How to read your basal body temperature chart
A lower temperature phase and a higher temperature phase
The interval from the first day of your period to the day your next period begins constitutes a cycle. Try charting your basal body temperature for one cycle as a starting point. You can then see how your basal body temperature changes during a cycle.
For example, a woman with a 28-day menstrual cycle will have lower temperatures for the two weeks following the first day of her period. Her temperature rises once ovulation occurs, followed by roughly two weeks in a higher temperature phase. As her temperature drops again, her next period begins. A healthy woman’s basal body temperature will show two such distinctive phases, one of lower temperatures and one of higher temperatures.
The changes in body temperature during the menstrual cycle are caused by female hormones. You will have lower basal body temperatures between menstruation and ovulation, during which progesterone levels are low. Once ovulation occurs, your basal body temperature rises along with the rise of progesterone levels, which have the effect of raising the body’s temperature.

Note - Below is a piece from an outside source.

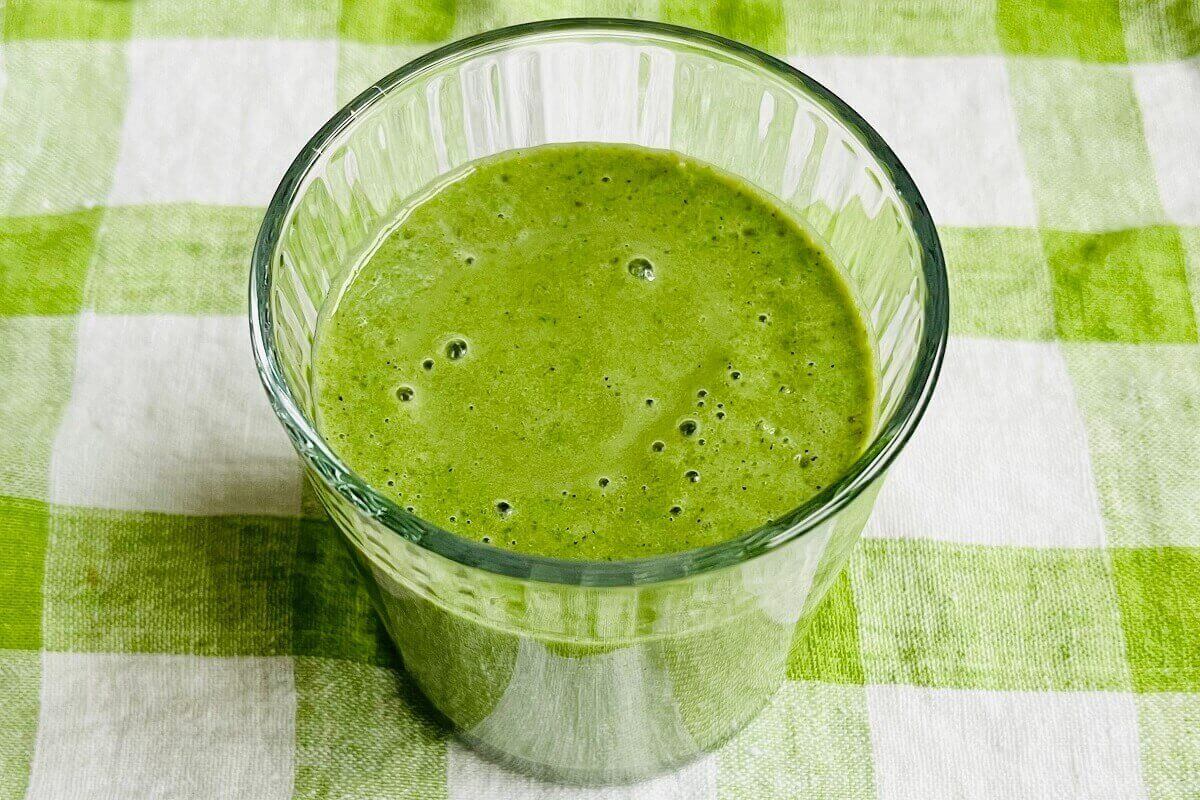 A kale and banana smoothie in a glass.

Having a biphasic basal body temperature is evidence that you ovulate and have normal levels of female hormones.
Various patterns of basal body temperature to be aware of
A normal pattern of basal body temperature
Ovulation occurs after about two weeks of a lower temperature phase, followed by about two weeks of a higher temperature phase. The menstrual period starts once the higher temperature phase ends.
A basal body temperature pattern indicating pregnancy
You are likely to be pregnant if the higher temperature phase continues for more than three weeks after ovulating, as this indicates continued secretion of progesterone.
A basal body temperature pattern indicating an anovulatory cycle
If your basal body temperature continues to remain low it may indicate the lack of ovulation.
Another basal body temperature pattern indicating an anovulatory cycle
If you have low levels of progesterone, the higher temperature phase, that normally lasts for about two weeks, may last fewer than 9 days. This could also cause infertility.
What you can tell from your basal body temperature
Identifying your day of ovulation or your next menstrual period
You can identify your ovulation day by charting your basal body temperature. You are most fertile on the day of ovulation or the following day. If you want a baby, you are more likely to become pregnant if you have sexual intercourse on those days.
Women with regular menstrual cycles will be able tell whether they are pregnant by reading their basal body temperature chart. Typically, a higher temperature phase lasts for about two weeks before your period starts. There is a high likelihood of pregnancy if your period is late, and you have a higher basal body temperature for more than three weeks.
You can also identify your ovulatory phase using the basal body temperature chart in order to avoid pregnancy, but this alone is not a sufficiently reliable form of contraception. In order to avoid pregnancy, it is more appropriate to use contraceptive devices or contraceptive pills.
The chart will also be useful in making plans such as when traveling, by helping you predict your next menstrual period.
Detecting hormone imbalances
To some extent, hormonal imbalances can also be detected by charting your basal body temperature. If you have a persistent lower temperature phase with no signs of ovulation, it shows that you have anovulatory cycles despite still having periods most months. You can also detect a luteal phase defect that causes infertility from noting a shorter phase of high temperatures.
If you are being treated for infertility, you are always asked to chart your basal body temperature. However, a basal body temperature chart is not only quite useful for infertility treatment but also for any other consultation or treatment with a gynecologist.